近代中国の扉をこじ開けた男 「孫文-100年先を見た男」

孫文-100年先を見た男-

映画の紹介
今からから100年余年前!世界中に激震が走った。誰もがあの清朝が瀕死の状態にあることは認識していたにも拘らず、現実に倒れてしまうことは予想できなかったのではないだろうか。

映画データ
  • 出演: ウィンストン・チャオ(趙 文瑄),アンジェリカ・リー, ウー・ユエ, チャオ・チョン, ワン・ジェンチョン 
  • 監督: デレク・チウ(趙崇基)
ストーリー

1910年、中国近代国家への夜明けにつながる“革命前夜”。 亡命の地マレーシア・ペナン島を舞台に、度々の革命失敗の苦境と失意、そして暗殺の危険に遭いながらも、愛する人に支えられ、理想を失わなかった世界的革命家・孫文の闘いと愛の日々を描く一大歴史ロマン。

歴史的背景と見どころ
 辛亥革命から何を学ぶか?辛亥革命も当時の人々にとっては何故起こったのかわからなかったのかも知れない。昨年起こったイギリスのEU離脱の意思表示と同じ様に、「この世の中何が起こるかわからない」と見ていたのかもしれない。しかし、イギリス内部に蔓延していた、閉塞感を正しく見ていさえすれば、正しく予見する人間がいたのかもしれない。
 辛亥革命を現実に可能ならしめたのは、満州族の支配に対する閉塞感とも云われる。アヘン戦争で敗れるわ、大平天国の乱ではぐちゃぐちゃになるわ、外国列強や日本から好き勝手にされるわ、全てに亘って中国の民衆は劣悪な状態に置かれた。

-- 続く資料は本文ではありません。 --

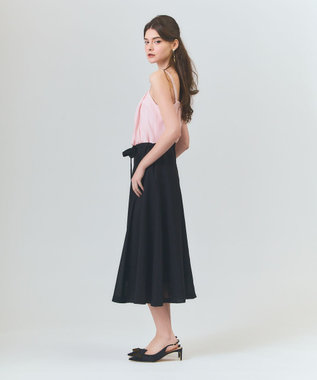 GRACE CONTINENTAL リネンライクバイカラーワンピース ピンク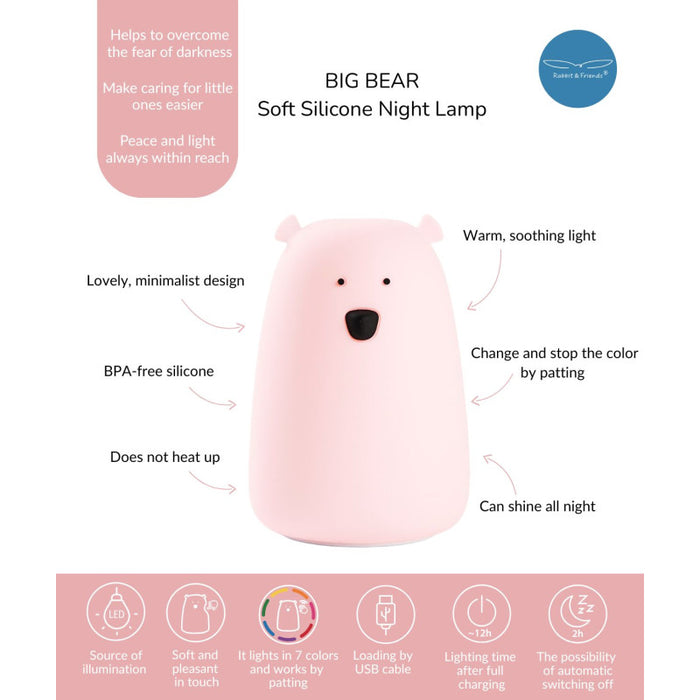 🐻 52-0065 - Grote Beer Siliconen Lamp - Roze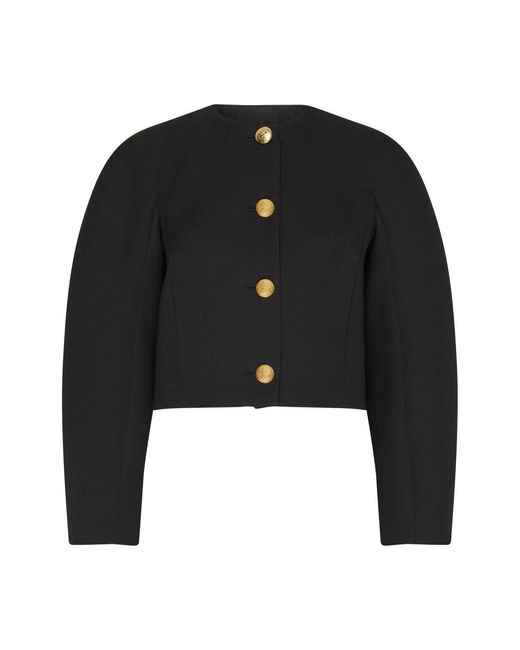 Alexander McQueen Black Cocoon Sleeve Military Jacket
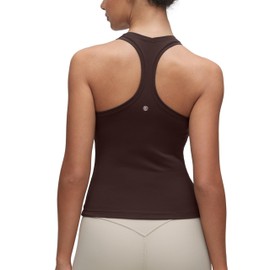CRZ YOGA Butterluxe Racerback Workout Tank Tops for Women Tight Sleeveless Camisole Gym Athletic Yoga Shirts Hot Fudge Brown Medium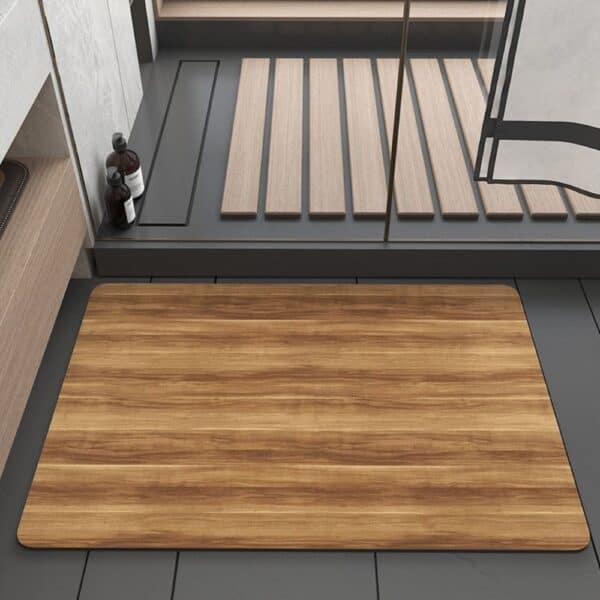 Houten badmat met natuurlijke textuur voor badkamer.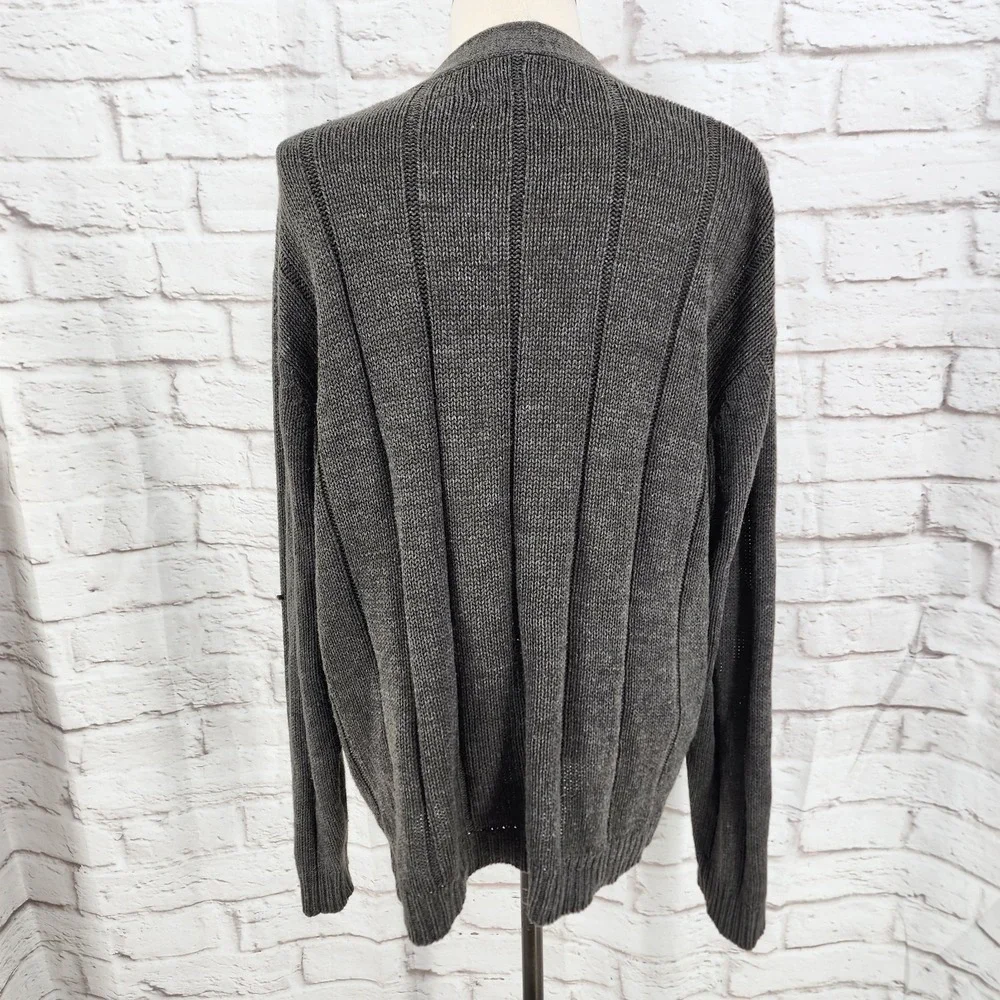 Vintage Knit Cardigan Grandpa Sweater Retro Academia Pockets *Flaws* Medium‎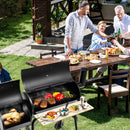Low Smoke Outdoor BBQ Grill Steel Barbecue Cooker with Firebox by DirectDeals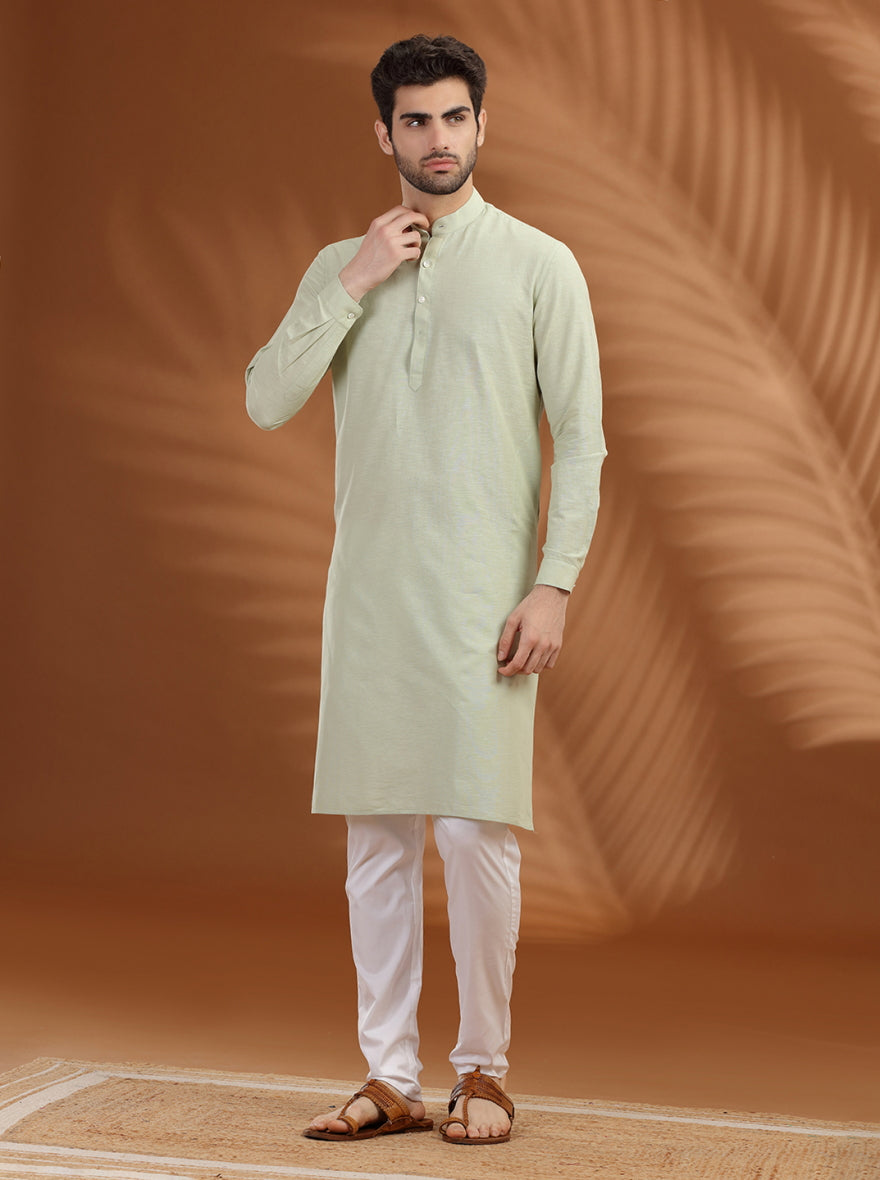 Pista Green Solid Modi Kurta | JadeBlue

やがてそれは爆発し、民族主義的な熱情を噴出しながら突き進んだ。
 今全世界で起きているカオスのような出来事も、結局それを可能ならしめるものは、人々の貧富の差や失業生活不安、自分達の意志でどうにもならないという閉塞感が人々を突き動かしているとも云えまいか。とすれば、100年前に起こったと同じことが我々の目の前で起こっても不思議ではない。そして辛亥革命の激震が、ロシアに飛び火し、レーニンの率いる10月革命へと波及していったように。
 これからいかなる激震が我々を襲うだろうか? 我々はもっと賢くならなければならない。これが歴史から学ぶということだろう。
 それにしても主人公、趙 文瑄(ウィンストン・チャオ)のかっこよさ。冷徹なまでに研ぎ澄まされた革命家を好演している。すばらしい。